Mengapa Idrus Marham Jadi Tersangka?

Idrus Marham mundur dari mensos untuk menjaga kehormatan Presiden Jokowi.

Mantan Menteri Sosial Idrus Marham menunduk ketika serah terima jabatan di Kantor Kementerian Sosial, Jakarta, Jumat (24/8).
Foto: Antara/Aprillio Akbar
Mantan Menteri Sosial Idrus Marham menunduk ketika serah terima jabatan di Kantor Kementerian Sosial, Jakarta, Jumat (24/8).

REPUBLIKA.CO.ID Oleh: Dian Fath Risalah, Dessy Suciati, Febrianto A Saputro

Komisi Pemberantasan Korupsi (KPK) akhirnya mengumumkan tersangka baru dalam kasus dugaan suap kesepakatan kerja sama pembangunan Pembangkit Listrik Tenaga Uap (PLTU) Riau-1. Tersangka baru itu Idrus Marham, menteri sosial yang kemudian memilih mundur untuk fokus menghadapi kasusnya ini.

Ada sejumlah indikasi dugaan keterlibatan mantan Sekjen Partai Golkar itu dalam kasus suap ini. Dalam proses penyidikan KPK ditemukan sejumlah fakta baru dan bukti permulaan yanga cukup berupa keterangan saksi, surat, dan petunjuk sehingga dilakukan penyidikan baru tertanggal 21 Agustus 2018.

Wakil Ketua KPK Basaria Panjaitan dalam konferensi pers di Gedung KPK Jakarta, Jumat (24/8) malam, mengatakan IM (Idrus Marham) diduga menerima janji untuk mendapat bagian yang sama besar dari EMS (Eni Maulani Saragih), tersangka lain, sebesar 1,5 juta dolar AS atau senilai Rp 21,9 miliar (dengan kurs Rp 14.600 per dolar AS).

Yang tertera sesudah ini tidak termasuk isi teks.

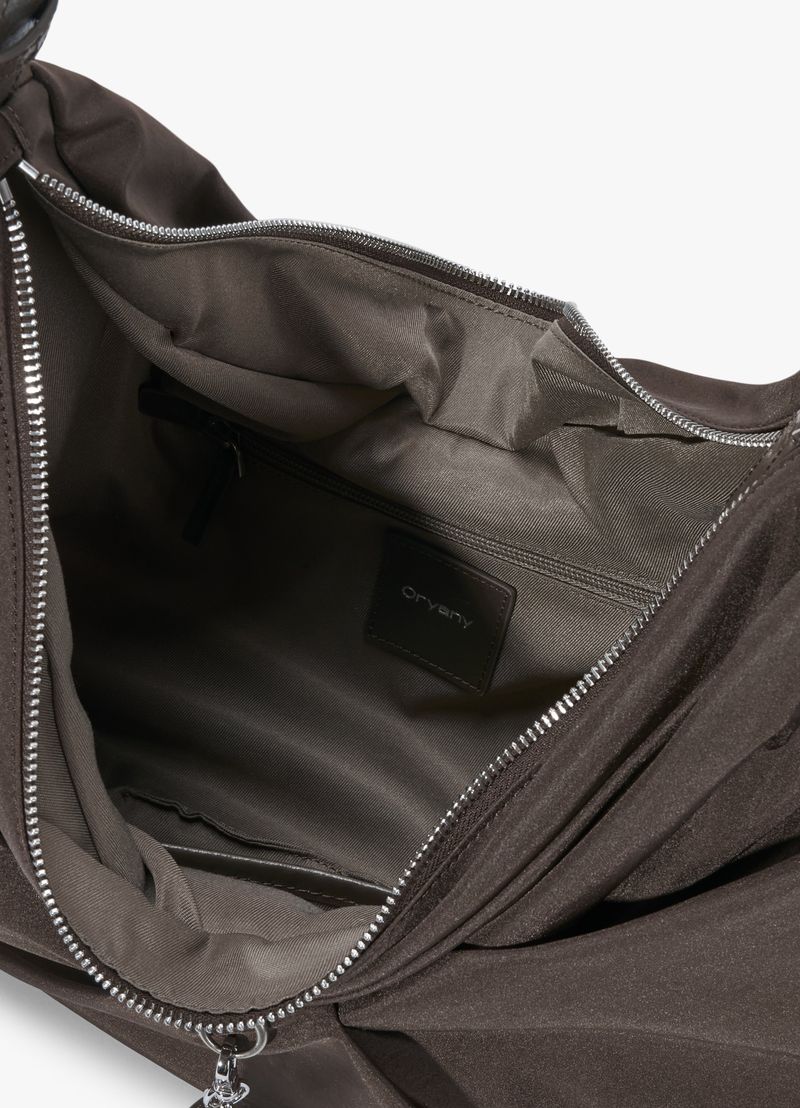 WESTERN CUT-OUT CROSSBODY M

Uang sebesar itu, menurut Basaria, dijanjikan JBK (Johanes Budisutrisno Kotjo) bila PPA (purchase power agreement atau perjanjian penjualan pembangkit listrik) PLTU Riau 1 berhasil dilaksanakan JBK dan kawan-kawan. PLTU Riau 1 yang merupakan PLTU mulut tambang itu berdaya 2x300 megawatt.

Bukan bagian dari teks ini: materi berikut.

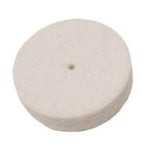 Felt Wheels | SurgiMac Dental Supply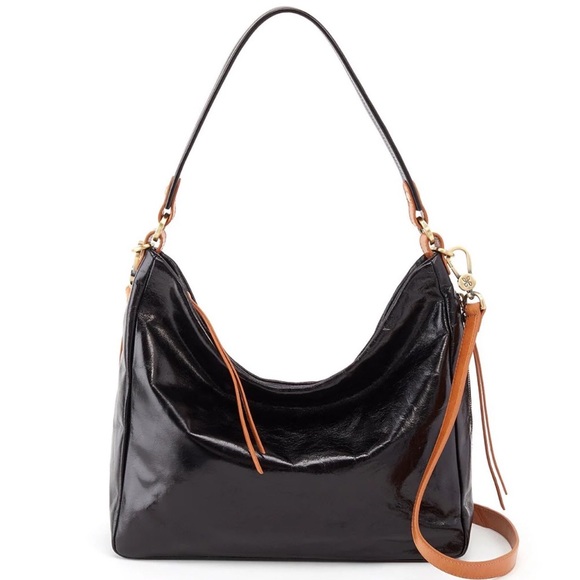 Delilah convertible hobo bag Clearance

KPK mengungkapkan Idrus diduga mengetahui dan memiliki andil terkait dengan penerimaan uang oleh Eni dari Johannes. Pada sekitar November Desember 2017, menurut KPK, diduga Eni menerima Rp 4 miliar. Lalu, pada sekitar Maret dan Juni 2018, diduga Eni juga menerima sekitar Rp 2,25 miliar.

Indikator lain yang menjadikan Idrus sebagai tersangka, KPK menduga Idrus menggunakan pengaruhnya sebagai elite Partai Golkar untuk menggerakkan mantan Eni M Saragih yang wakil ketua Komisi VII DPR membantu pemegang saham Blackgold Natural Recourses Limited, Johannes B Kotjo. "Ya mungkin bisa salah satu itu. Salah satu itu," kata Basaria.

Idrus diduga turut membantu Eni Saragih dalam memuluskan kepentingan Blackgold Natural Recourses Limited yang diwakili Kotjo dalam kesepakatan kontrak kerja sama proyek pembangunan PLTU Riau 1. "Kami tidak mempersoalkan apakah posisi IM adalah sebagai ketua atau menteri atau sebagai sekjen dalam jabatannya, tapi yang bersangkutan turut membantu," ujar Basaria.

Atas perbuatannya, Idrus disangkakan melanggar Pasal 12 huruf a atau Pasal 12 huruf b atau Pasal 11 Undang-Undang Nomor 31 Tahun 1999 sebagaimana telah diubah dengan UndangUndang Nomor 20 Tahun 2001 tentang Pemberantasan Tindak Pidana Korupsi Juncta Pasal 55 ayat (1) ke-1 KUHP atau Pasal 56 ke-2 KUHPJuncto Pasal 64 ayat (1) KUHP.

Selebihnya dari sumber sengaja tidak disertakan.